Despite 40 years of policy aimed at stability, today’s Middle East strategic landscape is more complex than ever and shaped by a number of competing interests. At the heart of much of the current instability in the region is the underlying conflict between Saudi Arabia and Iran. The two nations are engaged in an ongoing competition for influence as each tries to assert itself as the regional hegemonic power. This conflict is currently playing out most visibly as a proxy war in Yemen. Saudi Arabia relies on more than $100 billion dollars in foreign military sales from the United States as well as intelligence and logistical support in fighting this war. At the same time, Iran has recently begun targeting Saudi oil infrastructure and continues to fund and back proxies in Iraq, Syria, Lebanon, and the Palestinian territories.
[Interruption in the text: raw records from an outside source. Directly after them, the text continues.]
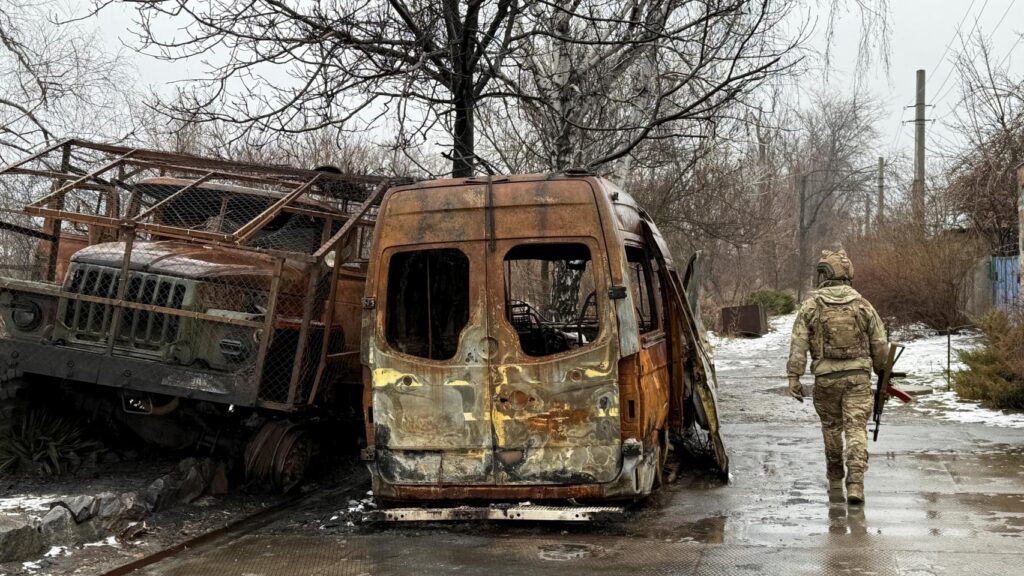 many were deceived with false promises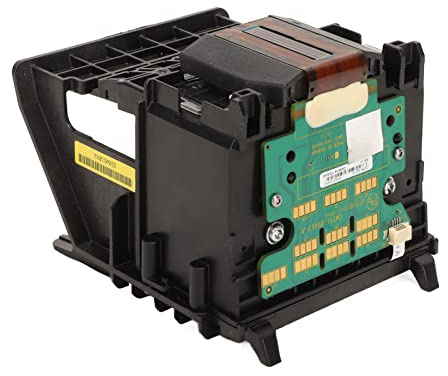 Skrivhuvud, CM751-80013A ABS Skrivhuvud Byte för HP276DW 8100 8625 8610 8620 8630 8600 8700 Skrivare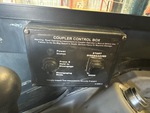 Control Station with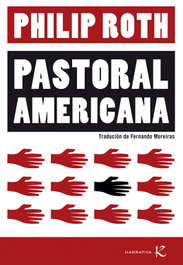 Pastoral americana, Philip Roth - KALANDRAKA
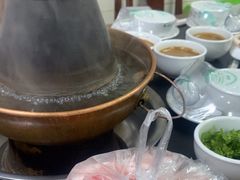 -原柳滩高台阶涮羊肉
Iran also continues to threaten Israel, another strategic U.S. ally in the region, through its support for Lebanese Hezbollah and Hamas. The civil war in Syria has emboldened Iranian activity in the Levant, and the Iraq war resulted in greater Iranian influence in that country, despite U.S. efforts to minimize it. With the U.S. withdrawal from the Joint Comprehensive Plan of Action (JCPOA) nuclear agreement and subsequent imposition of crippling sanctions on the Iranian economy, Iran has retreated to its belligerent posture regarding its nuclear program in an attempt to influence the European powers to limit the sanctions impact.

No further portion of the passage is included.